The trouble with those cartoons is not at all that they offend fervent Muslims—that sort are offended by our very existence—but that by their placid humor they humanize a man with a hugely problematic legacy, and thereby offended the memory of untold millions of victims of Jihad through the ages.

Ahmed Akkari, spokesman of the Muslim organizations in Denmark, said that Muslims all over the world want the “truth” about their prophet to become known to the rest of the world. “We want respect for Muhammad restored and we want him to be described as the man he really was in history,” he declared.

In the spirit of multicultural tolerance and interfaith dialogue we willingly take the challenge. We’ll briefly examine Muhammad as “he really was in history,” relying exclusively on the orthodox Islamic sources: the Kuran and the hadith, or recorded “traditions” about the prophet. Those sources provide an account of uncertain historical accuracy, but that account is regarded as true by all true Muslims and it provides the scriptural basis for the Muslim faith and the Islamic law.

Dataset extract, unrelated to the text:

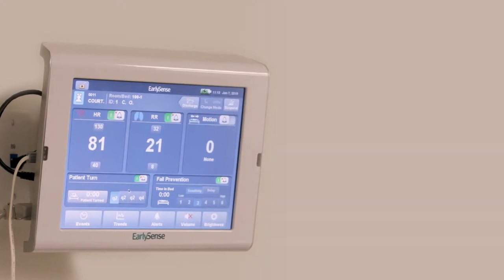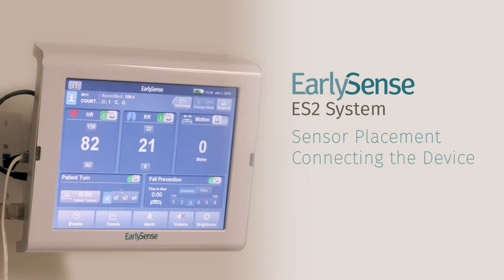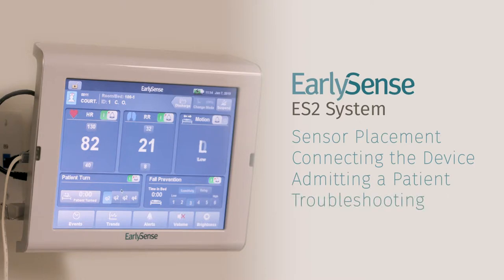Welcome to the EarlySense tutorial video. This video will cover placement of the EarlySense sensor, connecting the ES2 bedside unit, admitting a new patient, and basic troubleshooting. For additional information on how to operate the EarlySense system, please refer to the relevant user guide provided upon installation or online at EarlySense.com.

Muhammad was both the prophet of the religion he invented cca. 610 AD and the creator of a political ideology and a social program associated with it. He also remains, to all true Muslims, the paragon of goodness. Imitatio Muhammadi is reflected in the prevalence of his name in the Muslim world. Understanding him is the key to grasping the Muslim world outlook.

Of Muhammad’s life we are informed from the Kuran (English convert Marmaduke Muhammad Pickthall’s 1930 translation is still the best by far) and the far more voluminous hadith, recorded “traditions” about the prophet. Those sources provide an account of uncertain historical accuracy, but it is regarded as true by all true Muslims and it provides the scriptural basis for the Muslim faith and the Islamic law.